What the task requires
Retype the records exactly, including every line.

Input data
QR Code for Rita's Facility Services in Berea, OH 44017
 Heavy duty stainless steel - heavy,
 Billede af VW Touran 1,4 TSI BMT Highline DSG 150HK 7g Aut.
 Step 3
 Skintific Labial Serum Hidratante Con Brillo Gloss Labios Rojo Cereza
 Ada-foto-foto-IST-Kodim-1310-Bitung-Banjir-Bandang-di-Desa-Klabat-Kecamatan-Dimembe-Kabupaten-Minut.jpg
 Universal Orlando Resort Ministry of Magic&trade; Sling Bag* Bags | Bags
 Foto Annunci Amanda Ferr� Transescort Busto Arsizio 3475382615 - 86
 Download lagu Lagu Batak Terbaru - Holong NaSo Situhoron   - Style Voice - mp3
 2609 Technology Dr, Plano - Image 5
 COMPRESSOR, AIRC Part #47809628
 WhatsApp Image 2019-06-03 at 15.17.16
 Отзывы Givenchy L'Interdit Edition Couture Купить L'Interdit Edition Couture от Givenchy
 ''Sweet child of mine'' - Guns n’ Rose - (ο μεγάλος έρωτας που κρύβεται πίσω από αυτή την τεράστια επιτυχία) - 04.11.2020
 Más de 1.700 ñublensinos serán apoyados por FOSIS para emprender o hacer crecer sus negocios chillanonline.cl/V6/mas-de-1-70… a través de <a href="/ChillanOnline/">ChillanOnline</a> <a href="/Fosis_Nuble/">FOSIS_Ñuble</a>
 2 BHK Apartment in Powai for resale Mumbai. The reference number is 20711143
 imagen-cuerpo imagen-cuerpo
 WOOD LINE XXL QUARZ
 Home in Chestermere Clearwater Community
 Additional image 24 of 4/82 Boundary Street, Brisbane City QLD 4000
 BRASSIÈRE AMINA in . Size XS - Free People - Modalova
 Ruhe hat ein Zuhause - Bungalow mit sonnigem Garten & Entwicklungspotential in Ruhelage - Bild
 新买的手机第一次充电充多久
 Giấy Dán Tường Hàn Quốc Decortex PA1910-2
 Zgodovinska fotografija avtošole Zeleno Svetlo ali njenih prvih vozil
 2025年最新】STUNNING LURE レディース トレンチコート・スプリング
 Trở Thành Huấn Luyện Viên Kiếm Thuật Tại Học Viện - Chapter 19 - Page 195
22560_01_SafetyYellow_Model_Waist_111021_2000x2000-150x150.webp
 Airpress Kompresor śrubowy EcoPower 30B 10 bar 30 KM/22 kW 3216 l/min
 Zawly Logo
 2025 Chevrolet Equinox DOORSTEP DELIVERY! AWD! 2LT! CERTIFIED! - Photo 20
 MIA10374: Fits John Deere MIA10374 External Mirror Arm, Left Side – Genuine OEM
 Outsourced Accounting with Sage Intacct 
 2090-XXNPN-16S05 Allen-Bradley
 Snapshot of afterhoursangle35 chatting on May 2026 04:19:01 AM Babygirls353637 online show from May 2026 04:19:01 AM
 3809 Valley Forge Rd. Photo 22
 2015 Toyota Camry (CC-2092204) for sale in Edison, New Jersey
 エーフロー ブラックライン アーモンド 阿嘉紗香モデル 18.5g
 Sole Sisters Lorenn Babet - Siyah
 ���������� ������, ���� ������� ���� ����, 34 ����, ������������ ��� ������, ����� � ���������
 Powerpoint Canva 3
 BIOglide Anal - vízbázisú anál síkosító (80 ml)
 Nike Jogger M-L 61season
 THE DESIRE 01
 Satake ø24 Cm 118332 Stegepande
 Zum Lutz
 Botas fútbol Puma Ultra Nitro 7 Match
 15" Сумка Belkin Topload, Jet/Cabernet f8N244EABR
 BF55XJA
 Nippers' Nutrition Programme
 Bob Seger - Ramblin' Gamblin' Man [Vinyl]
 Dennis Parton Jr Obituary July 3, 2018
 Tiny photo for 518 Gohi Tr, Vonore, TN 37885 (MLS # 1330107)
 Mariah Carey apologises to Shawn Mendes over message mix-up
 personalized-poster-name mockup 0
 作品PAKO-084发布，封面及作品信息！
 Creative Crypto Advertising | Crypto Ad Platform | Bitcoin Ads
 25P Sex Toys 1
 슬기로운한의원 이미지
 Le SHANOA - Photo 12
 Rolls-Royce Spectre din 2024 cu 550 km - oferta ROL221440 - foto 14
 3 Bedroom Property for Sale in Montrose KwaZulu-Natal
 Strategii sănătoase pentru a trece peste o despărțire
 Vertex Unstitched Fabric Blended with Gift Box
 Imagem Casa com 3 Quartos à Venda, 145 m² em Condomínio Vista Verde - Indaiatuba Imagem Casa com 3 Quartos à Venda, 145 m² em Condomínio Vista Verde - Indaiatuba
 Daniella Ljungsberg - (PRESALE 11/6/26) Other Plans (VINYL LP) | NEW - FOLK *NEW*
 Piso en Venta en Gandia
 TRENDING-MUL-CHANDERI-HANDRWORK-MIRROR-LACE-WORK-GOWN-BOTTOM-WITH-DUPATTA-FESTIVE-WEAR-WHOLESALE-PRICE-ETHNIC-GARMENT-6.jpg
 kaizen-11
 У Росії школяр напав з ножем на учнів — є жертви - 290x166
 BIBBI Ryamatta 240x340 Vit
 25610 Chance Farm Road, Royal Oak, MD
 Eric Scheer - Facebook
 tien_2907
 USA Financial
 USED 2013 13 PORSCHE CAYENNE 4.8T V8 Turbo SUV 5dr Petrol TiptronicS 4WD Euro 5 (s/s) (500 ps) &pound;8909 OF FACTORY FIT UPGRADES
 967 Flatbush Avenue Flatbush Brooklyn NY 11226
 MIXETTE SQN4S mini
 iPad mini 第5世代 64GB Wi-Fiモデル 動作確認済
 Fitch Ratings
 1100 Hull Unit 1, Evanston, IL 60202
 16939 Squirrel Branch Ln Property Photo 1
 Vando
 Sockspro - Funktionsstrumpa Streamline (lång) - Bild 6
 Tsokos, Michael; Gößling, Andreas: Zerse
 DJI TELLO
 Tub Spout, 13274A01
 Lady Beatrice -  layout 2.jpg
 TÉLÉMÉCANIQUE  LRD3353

Result below
QR Code for Rita's Facility Services in Berea, OH 44017
 Heavy duty stainless steel - heavy,
 Billede af VW Touran 1,4 TSI BMT Highline DSG 150HK 7g Aut.
 Step 3
 Skintific Labial Serum Hidratante Con Brillo Gloss Labios Rojo Cereza
 Ada-foto-foto-IST-Kodim-1310-Bitung-Banjir-Bandang-di-Desa-Klabat-Kecamatan-Dimembe-Kabupaten-Minut.jpg
 Universal Orlando Resort Ministry of Magic&trade; Sling Bag* Bags | Bags
 Foto Annunci Amanda Ferr� Transescort Busto Arsizio 3475382615 - 86
 Download lagu Lagu Batak Terbaru - Holong NaSo Situhoron   - Style Voice - mp3
 2609 Technology Dr, Plano - Image 5
 COMPRESSOR, AIRC Part #47809628
 WhatsApp Image 2019-06-03 at 15.17.16
 Отзывы Givenchy L'Interdit Edition Couture Купить L'Interdit Edition Couture от Givenchy
 ''Sweet child of mine'' - Guns n’ Rose - (ο μεγάλος έρωτας που κρύβεται πίσω από αυτή την τεράστια επιτυχία) - 04.11.2020
 Más de 1.700 ñublensinos serán apoyados por FOSIS para emprender o hacer crecer sus negocios chillanonline.cl/V6/mas-de-1-70… a través de <a href="/ChillanOnline/">ChillanOnline</a> <a href="/Fosis_Nuble/">FOSIS_Ñuble</a>
 2 BHK Apartment in Powai for resale Mumbai. The reference number is 20711143
 imagen-cuerpo imagen-cuerpo
 WOOD LINE XXL QUARZ
 Home in Chestermere Clearwater Community
 Additional image 24 of 4/82 Boundary Street, Brisbane City QLD 4000
 BRASSIÈRE AMINA in . Size XS - Free People - Modalova
 Ruhe hat ein Zuhause - Bungalow mit sonnigem Garten & Entwicklungspotential in Ruhelage - Bild
 新买的手机第一次充电充多久
 Giấy Dán Tường Hàn Quốc Decortex PA1910-2
 Zgodovinska fotografija avtošole Zeleno Svetlo ali njenih prvih vozil
 2025年最新】STUNNING LURE レディース トレンチコート・スプリング
 Trở Thành Huấn Luyện Viên Kiếm Thuật Tại Học Viện - Chapter 19 - Page 195
22560_01_SafetyYellow_Model_Waist_111021_2000x2000-150x150.webp
 Airpress Kompresor śrubowy EcoPower 30B 10 bar 30 KM/22 kW 3216 l/min
 Zawly Logo
 2025 Chevrolet Equinox DOORSTEP DELIVERY! AWD! 2LT! CERTIFIED! - Photo 20
 MIA10374: Fits John Deere MIA10374 External Mirror Arm, Left Side – Genuine OEM
 Outsourced Accounting with Sage Intacct 
 2090-XXNPN-16S05 Allen-Bradley
 Snapshot of afterhoursangle35 chatting on May 2026 04:19:01 AM Babygirls353637 online show from May 2026 04:19:01 AM
 3809 Valley Forge Rd. Photo 22
 2015 Toyota Camry (CC-2092204) for sale in Edison, New Jersey
 エーフロー ブラックライン アーモンド 阿嘉紗香モデル 18.5g
 Sole Sisters Lorenn Babet - Siyah
 ���������� ������, ���� ������� ���� ����, 34 ����, ������������ ��� ������, ����� � ���������
 Powerpoint Canva 3
 BIOglide Anal - vízbázisú anál síkosító (80 ml)
 Nike Jogger M-L 61season
 THE DESIRE 01
 Satake ø24 Cm 118332 Stegepande
 Zum Lutz
 Botas fútbol Puma Ultra Nitro 7 Match
 15" Сумка Belkin Topload, Jet/Cabernet f8N244EABR
 BF55XJA
 Nippers' Nutrition Programme
 Bob Seger - Ramblin' Gamblin' Man [Vinyl]
 Dennis Parton Jr Obituary July 3, 2018
 Tiny photo for 518 Gohi Tr, Vonore, TN 37885 (MLS # 1330107)
 Mariah Carey apologises to Shawn Mendes over message mix-up
 personalized-poster-name mockup 0
 作品PAKO-084发布，封面及作品信息！
 Creative Crypto Advertising | Crypto Ad Platform | Bitcoin Ads
 25P Sex Toys 1
 슬기로운한의원 이미지
 Le SHANOA - Photo 12
 Rolls-Royce Spectre din 2024 cu 550 km - oferta ROL221440 - foto 14
 3 Bedroom Property for Sale in Montrose KwaZulu-Natal
 Strategii sănătoase pentru a trece peste o despărțire
 Vertex Unstitched Fabric Blended with Gift Box
 Imagem Casa com 3 Quartos à Venda, 145 m² em Condomínio Vista Verde - Indaiatuba Imagem Casa com 3 Quartos à Venda, 145 m² em Condomínio Vista Verde - Indaiatuba
 Daniella Ljungsberg - (PRESALE 11/6/26) Other Plans (VINYL LP) | NEW - FOLK *NEW*
 Piso en Venta en Gandia
 TRENDING-MUL-CHANDERI-HANDRWORK-MIRROR-LACE-WORK-GOWN-BOTTOM-WITH-DUPATTA-FESTIVE-WEAR-WHOLESALE-PRICE-ETHNIC-GARMENT-6.jpg
 kaizen-11
 У Росії школяр напав з ножем на учнів — є жертви - 290x166
 BIBBI Ryamatta 240x340 Vit
 25610 Chance Farm Road, Royal Oak, MD
 Eric Scheer - Facebook
 tien_2907
 USA Financial
 USED 2013 13 PORSCHE CAYENNE 4.8T V8 Turbo SUV 5dr Petrol TiptronicS 4WD Euro 5 (s/s) (500 ps) &pound;8909 OF FACTORY FIT UPGRADES
 967 Flatbush Avenue Flatbush Brooklyn NY 11226
 MIXETTE SQN4S mini
 iPad mini 第5世代 64GB Wi-Fiモデル 動作確認済
 Fitch Ratings
 1100 Hull Unit 1, Evanston, IL 60202
 16939 Squirrel Branch Ln Property Photo 1
 Vando
 Sockspro - Funktionsstrumpa Streamline (lång) - Bild 6
 Tsokos, Michael; Gößling, Andreas: Zerse
 DJI TELLO
 Tub Spout, 13274A01
 Lady Beatrice -  layout 2.jpg
 TÉLÉMÉCANIQUE  LRD3353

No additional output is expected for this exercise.